Подал голос Селби, англичанин со светлыми волосами и бледно-голубыми глазами. Его тонкие губы едва зашевелились, когда он произнес:
— А Брунель? Что мы скажем полиции на этот счет?
— Скажем правду, — ответил Шанс, разводя руками. — Объясним, что Брунеля зарезала Лиза, хотя почему, мы и понятия не имеем.
— Ну, а что станет с нами? — задал вопрос Камачо.
— Мы будем жить, как жили, — сказал Шанс. — Я позову человека, который составит завещание и подделает подпись Брунеля. Поскольку других претендентов на имение нет, то завещание вряд ли кто оспорит. Не волнуйтесь, ребята, я о вас позабочусь.
— Ты? — удивленно переспросил Камачо. — А кто тебя назначил?
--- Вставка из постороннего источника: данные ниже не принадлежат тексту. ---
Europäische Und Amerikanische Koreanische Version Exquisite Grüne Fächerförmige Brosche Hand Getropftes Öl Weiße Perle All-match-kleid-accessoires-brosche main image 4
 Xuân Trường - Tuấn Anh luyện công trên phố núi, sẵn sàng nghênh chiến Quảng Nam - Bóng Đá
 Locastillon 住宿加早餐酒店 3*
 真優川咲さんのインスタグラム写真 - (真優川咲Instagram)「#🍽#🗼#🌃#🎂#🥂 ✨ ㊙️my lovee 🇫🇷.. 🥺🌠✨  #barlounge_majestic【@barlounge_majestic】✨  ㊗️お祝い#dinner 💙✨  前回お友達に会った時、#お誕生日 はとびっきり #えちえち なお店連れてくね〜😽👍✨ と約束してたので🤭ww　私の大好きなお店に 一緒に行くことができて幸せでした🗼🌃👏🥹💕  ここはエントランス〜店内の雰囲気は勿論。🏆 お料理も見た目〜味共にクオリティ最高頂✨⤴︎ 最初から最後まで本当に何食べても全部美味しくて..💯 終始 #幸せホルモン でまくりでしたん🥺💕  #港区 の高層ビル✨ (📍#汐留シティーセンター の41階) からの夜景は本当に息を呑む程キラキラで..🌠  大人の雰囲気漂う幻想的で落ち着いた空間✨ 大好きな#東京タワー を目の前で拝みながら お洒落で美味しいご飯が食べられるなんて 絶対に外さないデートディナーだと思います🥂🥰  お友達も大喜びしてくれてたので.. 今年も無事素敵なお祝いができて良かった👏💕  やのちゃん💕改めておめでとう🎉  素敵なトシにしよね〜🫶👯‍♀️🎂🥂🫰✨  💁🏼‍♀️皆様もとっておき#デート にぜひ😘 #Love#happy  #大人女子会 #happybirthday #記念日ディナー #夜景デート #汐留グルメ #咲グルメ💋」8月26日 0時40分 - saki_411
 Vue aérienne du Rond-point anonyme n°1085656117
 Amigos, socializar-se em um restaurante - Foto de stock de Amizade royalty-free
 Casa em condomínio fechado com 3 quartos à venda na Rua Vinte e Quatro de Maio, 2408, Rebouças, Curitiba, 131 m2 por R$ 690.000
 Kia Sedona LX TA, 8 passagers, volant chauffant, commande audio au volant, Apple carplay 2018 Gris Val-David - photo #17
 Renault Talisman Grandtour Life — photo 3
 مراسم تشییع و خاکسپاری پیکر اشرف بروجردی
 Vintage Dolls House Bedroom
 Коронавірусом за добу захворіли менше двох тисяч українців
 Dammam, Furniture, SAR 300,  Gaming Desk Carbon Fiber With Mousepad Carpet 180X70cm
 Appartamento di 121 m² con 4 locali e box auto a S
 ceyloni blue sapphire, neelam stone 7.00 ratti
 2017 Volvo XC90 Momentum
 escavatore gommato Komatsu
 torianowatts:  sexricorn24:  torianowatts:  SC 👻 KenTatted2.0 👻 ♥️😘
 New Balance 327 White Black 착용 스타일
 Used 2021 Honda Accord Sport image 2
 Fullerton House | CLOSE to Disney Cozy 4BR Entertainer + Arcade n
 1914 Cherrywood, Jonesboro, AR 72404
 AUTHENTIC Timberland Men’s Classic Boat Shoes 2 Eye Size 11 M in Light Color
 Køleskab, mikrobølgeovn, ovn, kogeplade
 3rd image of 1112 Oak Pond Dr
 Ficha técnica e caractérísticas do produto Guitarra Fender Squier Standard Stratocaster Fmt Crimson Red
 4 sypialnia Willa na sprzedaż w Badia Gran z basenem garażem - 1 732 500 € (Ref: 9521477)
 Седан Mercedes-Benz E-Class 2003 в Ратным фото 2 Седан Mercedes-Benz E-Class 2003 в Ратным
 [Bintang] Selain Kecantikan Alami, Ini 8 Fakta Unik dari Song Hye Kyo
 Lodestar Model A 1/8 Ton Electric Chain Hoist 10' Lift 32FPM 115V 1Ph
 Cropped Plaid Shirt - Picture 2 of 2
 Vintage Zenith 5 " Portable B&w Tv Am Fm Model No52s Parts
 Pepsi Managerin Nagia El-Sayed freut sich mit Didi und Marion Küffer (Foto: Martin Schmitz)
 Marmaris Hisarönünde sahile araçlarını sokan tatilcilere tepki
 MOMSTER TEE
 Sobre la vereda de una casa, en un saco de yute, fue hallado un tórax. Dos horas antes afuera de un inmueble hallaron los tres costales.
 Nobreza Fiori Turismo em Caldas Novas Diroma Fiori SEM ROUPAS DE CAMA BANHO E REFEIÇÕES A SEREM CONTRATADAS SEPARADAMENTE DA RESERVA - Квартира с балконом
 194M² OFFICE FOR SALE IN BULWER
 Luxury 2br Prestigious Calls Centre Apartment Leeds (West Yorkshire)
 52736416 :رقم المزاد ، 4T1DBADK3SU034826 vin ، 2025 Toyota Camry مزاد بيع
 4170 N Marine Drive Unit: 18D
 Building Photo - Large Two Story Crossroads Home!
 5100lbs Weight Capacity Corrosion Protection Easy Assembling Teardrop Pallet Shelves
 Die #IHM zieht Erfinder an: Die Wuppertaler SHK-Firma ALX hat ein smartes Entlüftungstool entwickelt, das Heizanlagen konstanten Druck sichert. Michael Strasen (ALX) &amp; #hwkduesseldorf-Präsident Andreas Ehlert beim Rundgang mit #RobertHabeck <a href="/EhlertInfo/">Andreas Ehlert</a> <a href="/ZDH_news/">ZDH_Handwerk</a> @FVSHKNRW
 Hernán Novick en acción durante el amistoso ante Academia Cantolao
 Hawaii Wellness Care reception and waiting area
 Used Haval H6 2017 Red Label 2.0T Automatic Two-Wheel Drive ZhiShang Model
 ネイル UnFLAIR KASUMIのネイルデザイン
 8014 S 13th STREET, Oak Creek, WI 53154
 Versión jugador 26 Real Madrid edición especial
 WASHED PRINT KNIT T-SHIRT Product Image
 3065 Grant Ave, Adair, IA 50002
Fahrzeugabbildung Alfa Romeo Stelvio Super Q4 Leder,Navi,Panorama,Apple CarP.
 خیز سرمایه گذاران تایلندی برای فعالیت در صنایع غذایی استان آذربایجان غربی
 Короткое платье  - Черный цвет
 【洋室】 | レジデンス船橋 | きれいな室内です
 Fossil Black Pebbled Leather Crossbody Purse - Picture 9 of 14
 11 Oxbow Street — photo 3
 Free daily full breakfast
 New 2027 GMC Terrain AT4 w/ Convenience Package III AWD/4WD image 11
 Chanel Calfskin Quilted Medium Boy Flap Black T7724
— Так решили мы с Джако. Разве есть возражения? — Шанс чувствовал, как излучает властность, и это было великолепно. Эти люди были тупицами, остолопами, без Брунеля делавшиеся совершенно беспомощными. Если бы Брунель погиб от его руки, они растерзали бы его на клочки в животной ярости — как им теперь хотелось поступить с Лизой. Так или иначе, они были до смерти напуганы. Им до зарезу требовался новый лидер, босс. Шанс чувствовал, что сможет справиться, сделать из них послушные орудия своей воли. Главное, уметь внушить доверие. В этом отношении Брунель был большой мастак. Только теперь Шанс понял, что это значит, — и то, что у него вроде бы это получалось, наполнило его сердце ликованием.